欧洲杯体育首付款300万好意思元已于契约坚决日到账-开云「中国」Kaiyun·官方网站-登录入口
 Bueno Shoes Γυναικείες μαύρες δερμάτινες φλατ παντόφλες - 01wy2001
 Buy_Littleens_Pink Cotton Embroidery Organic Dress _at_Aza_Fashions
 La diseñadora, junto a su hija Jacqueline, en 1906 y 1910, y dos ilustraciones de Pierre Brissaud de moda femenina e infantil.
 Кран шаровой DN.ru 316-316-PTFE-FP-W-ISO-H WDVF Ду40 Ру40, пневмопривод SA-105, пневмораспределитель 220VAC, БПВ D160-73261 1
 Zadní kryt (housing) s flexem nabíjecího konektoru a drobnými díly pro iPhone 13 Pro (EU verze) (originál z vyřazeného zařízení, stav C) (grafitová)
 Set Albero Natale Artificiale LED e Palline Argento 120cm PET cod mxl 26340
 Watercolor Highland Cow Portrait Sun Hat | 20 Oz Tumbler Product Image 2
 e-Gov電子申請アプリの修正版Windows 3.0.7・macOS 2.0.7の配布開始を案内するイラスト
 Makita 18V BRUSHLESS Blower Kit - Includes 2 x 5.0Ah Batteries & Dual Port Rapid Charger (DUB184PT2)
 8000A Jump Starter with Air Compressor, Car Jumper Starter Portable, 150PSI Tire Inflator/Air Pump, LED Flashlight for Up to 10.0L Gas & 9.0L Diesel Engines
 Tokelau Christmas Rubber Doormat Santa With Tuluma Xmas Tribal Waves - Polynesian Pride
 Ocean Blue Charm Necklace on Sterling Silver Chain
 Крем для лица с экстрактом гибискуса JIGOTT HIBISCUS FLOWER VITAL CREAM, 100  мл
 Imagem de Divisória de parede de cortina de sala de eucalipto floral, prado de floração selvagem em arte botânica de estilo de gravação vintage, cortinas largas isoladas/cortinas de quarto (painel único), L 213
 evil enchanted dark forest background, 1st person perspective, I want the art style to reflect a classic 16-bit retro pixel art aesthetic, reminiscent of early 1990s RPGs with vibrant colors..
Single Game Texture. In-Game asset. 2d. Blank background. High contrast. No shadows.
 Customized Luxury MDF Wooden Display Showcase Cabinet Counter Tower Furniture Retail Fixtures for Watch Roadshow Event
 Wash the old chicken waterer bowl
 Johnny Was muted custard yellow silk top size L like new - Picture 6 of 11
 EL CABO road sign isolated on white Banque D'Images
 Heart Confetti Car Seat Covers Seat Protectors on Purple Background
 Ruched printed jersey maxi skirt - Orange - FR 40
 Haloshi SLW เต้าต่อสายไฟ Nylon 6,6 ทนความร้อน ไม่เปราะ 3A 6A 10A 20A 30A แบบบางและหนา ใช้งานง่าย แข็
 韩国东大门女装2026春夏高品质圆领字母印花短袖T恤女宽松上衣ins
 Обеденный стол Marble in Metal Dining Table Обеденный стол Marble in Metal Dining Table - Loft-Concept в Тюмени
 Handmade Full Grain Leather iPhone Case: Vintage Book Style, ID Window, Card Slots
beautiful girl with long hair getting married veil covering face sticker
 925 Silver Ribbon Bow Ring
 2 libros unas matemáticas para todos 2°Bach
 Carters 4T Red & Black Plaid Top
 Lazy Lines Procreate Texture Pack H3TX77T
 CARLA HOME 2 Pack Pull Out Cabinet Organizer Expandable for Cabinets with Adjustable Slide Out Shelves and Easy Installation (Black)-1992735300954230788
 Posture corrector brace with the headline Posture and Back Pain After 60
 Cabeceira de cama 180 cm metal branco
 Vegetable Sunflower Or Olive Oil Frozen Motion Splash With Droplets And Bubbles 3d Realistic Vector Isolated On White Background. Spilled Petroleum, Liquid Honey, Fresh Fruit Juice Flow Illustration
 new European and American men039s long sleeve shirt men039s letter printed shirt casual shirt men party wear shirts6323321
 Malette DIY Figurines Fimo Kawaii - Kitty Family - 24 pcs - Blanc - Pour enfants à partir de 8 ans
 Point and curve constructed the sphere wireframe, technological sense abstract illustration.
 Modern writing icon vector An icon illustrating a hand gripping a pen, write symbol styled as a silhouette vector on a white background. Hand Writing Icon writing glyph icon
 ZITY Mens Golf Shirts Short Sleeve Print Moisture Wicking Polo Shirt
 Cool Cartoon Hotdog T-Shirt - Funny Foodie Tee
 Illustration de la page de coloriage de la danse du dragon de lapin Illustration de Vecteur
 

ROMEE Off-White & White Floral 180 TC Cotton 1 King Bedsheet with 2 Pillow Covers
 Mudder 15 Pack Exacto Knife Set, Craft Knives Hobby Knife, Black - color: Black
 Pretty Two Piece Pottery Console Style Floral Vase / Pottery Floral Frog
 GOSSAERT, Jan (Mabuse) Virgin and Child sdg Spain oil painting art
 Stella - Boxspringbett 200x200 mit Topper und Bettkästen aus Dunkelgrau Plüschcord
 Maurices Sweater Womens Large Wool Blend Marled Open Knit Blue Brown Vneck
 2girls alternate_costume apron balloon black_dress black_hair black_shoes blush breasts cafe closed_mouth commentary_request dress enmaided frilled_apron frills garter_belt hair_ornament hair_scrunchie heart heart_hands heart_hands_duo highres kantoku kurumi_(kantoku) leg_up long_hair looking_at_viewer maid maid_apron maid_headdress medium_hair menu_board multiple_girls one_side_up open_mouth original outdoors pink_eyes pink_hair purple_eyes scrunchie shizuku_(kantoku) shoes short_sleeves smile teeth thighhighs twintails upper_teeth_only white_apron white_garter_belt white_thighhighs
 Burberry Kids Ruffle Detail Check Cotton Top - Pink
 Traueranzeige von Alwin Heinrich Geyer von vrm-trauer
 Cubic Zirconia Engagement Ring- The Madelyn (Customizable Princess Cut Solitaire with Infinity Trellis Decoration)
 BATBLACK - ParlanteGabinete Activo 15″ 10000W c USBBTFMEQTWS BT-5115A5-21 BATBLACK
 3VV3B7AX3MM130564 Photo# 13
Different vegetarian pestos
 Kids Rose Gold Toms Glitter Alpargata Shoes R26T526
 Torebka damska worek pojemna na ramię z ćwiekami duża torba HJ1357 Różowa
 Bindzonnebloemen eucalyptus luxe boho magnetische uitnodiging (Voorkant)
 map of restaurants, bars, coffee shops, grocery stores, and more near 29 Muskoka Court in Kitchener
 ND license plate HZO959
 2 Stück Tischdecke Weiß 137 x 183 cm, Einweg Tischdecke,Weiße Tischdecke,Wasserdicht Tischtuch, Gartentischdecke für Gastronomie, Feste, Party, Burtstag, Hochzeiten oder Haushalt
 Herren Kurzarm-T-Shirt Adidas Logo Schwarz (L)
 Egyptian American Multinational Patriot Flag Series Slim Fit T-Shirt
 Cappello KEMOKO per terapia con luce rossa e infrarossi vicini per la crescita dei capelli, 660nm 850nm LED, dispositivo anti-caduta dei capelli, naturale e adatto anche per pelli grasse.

------------------------------------------------------------

EXERCISE BRIEF —
Please reproduce, exactly as they appear above, the lines from the line containing "Lazy Lines Procreate Texture Pack H3TX77T" up to and including the line containing "Cool Cartoon Hotdog".

SOLUTION FOR THIS TASK —
 Lazy Lines Procreate Texture Pack H3TX77T
 CARLA HOME 2 Pack Pull Out Cabinet Organizer Expandable for Cabinets with Adjustable Slide Out Shelves and Easy Installation (Black)-1992735300954230788
 Posture corrector brace with the headline Posture and Back Pain After 60
 Cabeceira de cama 180 cm metal branco
 Vegetable Sunflower Or Olive Oil Frozen Motion Splash With Droplets And Bubbles 3d Realistic Vector Isolated On White Background. Spilled Petroleum, Liquid Honey, Fresh Fruit Juice Flow Illustration
 new European and American men039s long sleeve shirt men039s letter printed shirt casual shirt men party wear shirts6323321
 Malette DIY Figurines Fimo Kawaii - Kitty Family - 24 pcs - Blanc - Pour enfants à partir de 8 ans
 Point and curve constructed the sphere wireframe, technological sense abstract illustration.
 Modern writing icon vector An icon illustrating a hand gripping a pen, write symbol styled as a silhouette vector on a white background. Hand Writing Icon writing glyph icon
 ZITY Mens Golf Shirts Short Sleeve Print Moisture Wicking Polo Shirt
 Cool Cartoon Hotdog T-Shirt - Funny Foodie Tee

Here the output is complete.